# Old Embossed sodas



## wonkapete (Apr 9, 2007)

While digging out the NDNR bottles, I moved a case of older embossed bottles.  I don't know a whole lot about any of them because there aren't any local bottles in the mix.  Hopefully some of you know something about some of these.

 1) Richmond, Indiana - property of Coca-Cola Bottling Co, Richmond, Indiana
      (has Cream Soda cap marked correctly from this company)
 2) Faygo Ace Beverages - Detroit, Mich.
     (I know Faygo, but what is Ace about?)
 3) Chief Logan
 4) A Gem Better Beverage - Wellston, Ohio
 5) Sturgis - Sturgis Bottling Co, Sturgis, Mich.







 1) Union Bottling Works - Ironwood, Mich.
 2) Eye-Se Beverages
 3) Monarch Beverages - Valley Bot'g Works, Edinburg, VA.
 4) Smile - Union Bottling Works, Ironwood, Mich.
 5) Western Ohio Bottling Co. - Van Wert.O.

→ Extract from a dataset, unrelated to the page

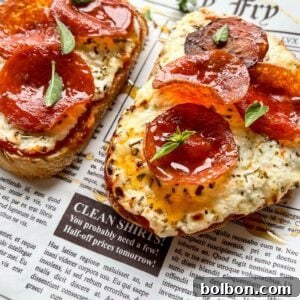 Two slices of toasted bread topped with creamy cheese, pepperoni slices, and small green herb leaves, served on a newspaper-themed paper.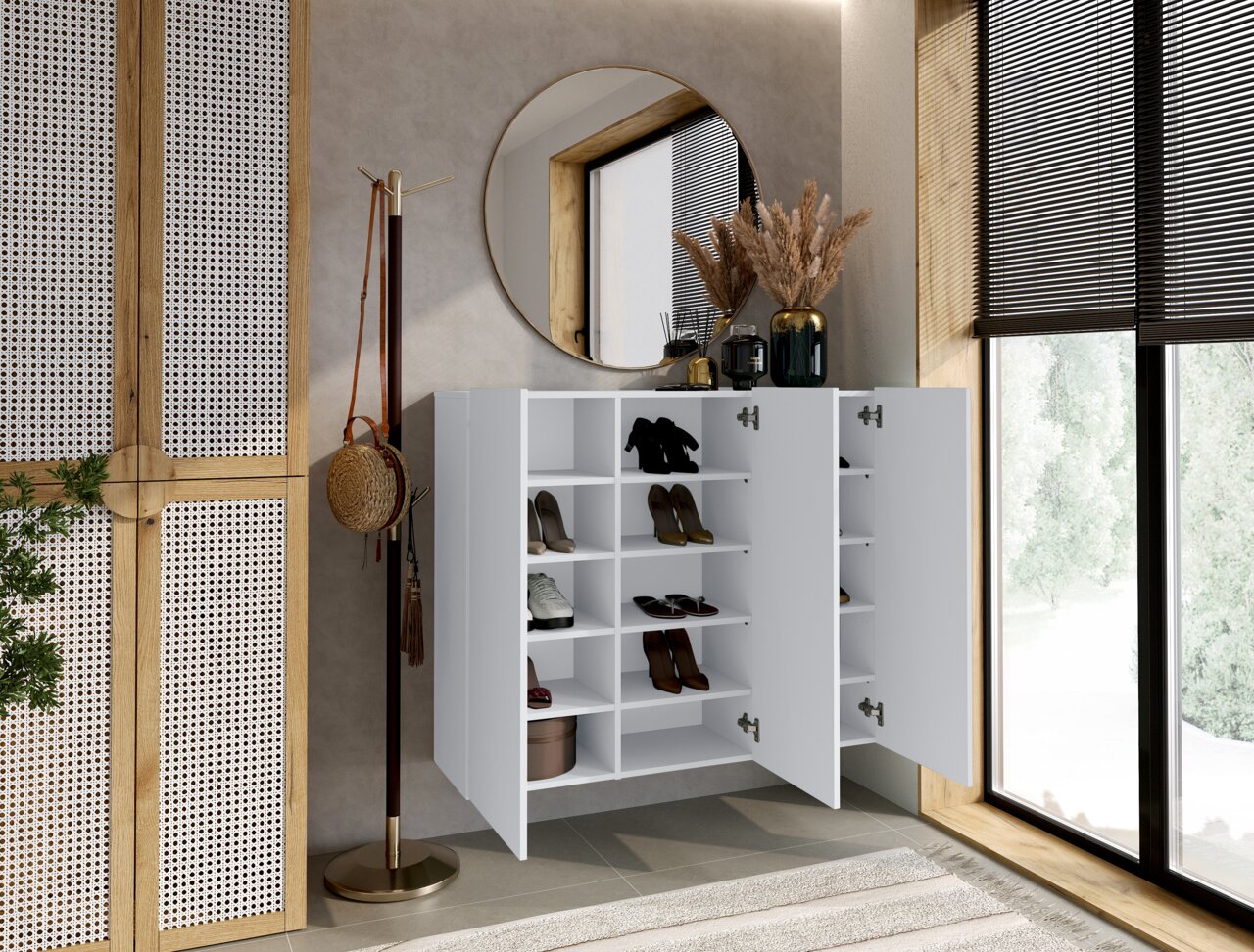 Moderne witte hangende schoenenkast met open deuren, gevuld met schoenen, in een stijlvol ingerichte kamer met een ronde spiegel en een raam op de achtergrond, gezien vanuit een zijdelingse hoek.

 1) Wescola - Wesco Foods Co., Cincinnati, OH
 2) Kendallville Beverages - Kendaville, Ind.
   (Notice the two other Kendallville bottles in the pic after this one, similar bottle
    but different product names)
 3) Booster Beverages - East Chicago, Ind.
 4) Braun Bottling Co. - Kokomo, Ind.
 5) Drink Redwine Delicious Beverages - City Bottling Wks, Portsmouth, VA






 1) Miller's Beverages - Kendallville, Ind.
 2) Rainbow Beverages - Kendallville, Ind.
 3) Fowler's Buffalo Ginger Ale - Charlotte, N.C.
 4) Property of Coca-Cola Bottling Co., Salida, Colo.
 5) Dr. Pepper Btg. Co., Asheville, N.C.







 1) Standard Bottling Co., Michigan City, Ind.
 2) Soda Water, Property of Coca-Cola Bottling Co., Lima, Ohio
 3) Royal Palm Soda - Terre Haute, Ind.
 4) Besco - Taylar Long Co.
 5) Madison Bottling Works - Madison, Ind.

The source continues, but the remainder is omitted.